キム・ウィギョン作品のページ


Kim Eui-Kyung 1978年韓国生。2014年韓国経済新聞社の新春青年文芸コンテストに「青春破産」が入選して作家デビュー。18年長篇小説「コールセンター」にて第6回秀林文学賞を受賞。

 


                           

「ハロー、ベイビー」 ★★★
 原題:"Hello Baby"
 
       訳:小山内園子




2023年発表

2026年06月
新潮社

(1950円+税)



2026/07/16



amazon.co.jp

不妊治療に苦しむ韓国女性たちを描いた長編。

出生比率が世界でも最下位レベル、日本よりも低い韓国での話ですから、それだけ切実な印象を受けます。
登場する女性たちは、不妊治療の専門病院で出会い、
トークルーム“ハローベイビー”で繋がり合った6人+α。

ことさらに描かれるのは、体外受精の辛さ。
いや本当に、身体的な痛みと負担は過酷です。

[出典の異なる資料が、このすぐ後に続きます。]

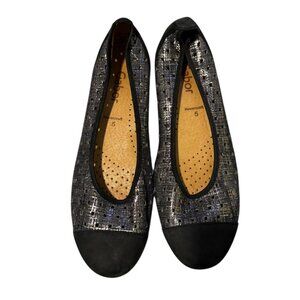 Gabor Hovercraft Womens Metallic Navy Blue Perforated Flat Size 7.5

そのうえ受精に成功したとしてもあっという間に流産、ということも多いのですから。
何故、そこまでして子どもを産まなくてはならないのか。
自分が産みたいから、という理由だったらそれは止むを得ないことでしょう。でも、義父母や親族からのプレッシャーによるものだったとしたら、こんな苦しみはないでしょう。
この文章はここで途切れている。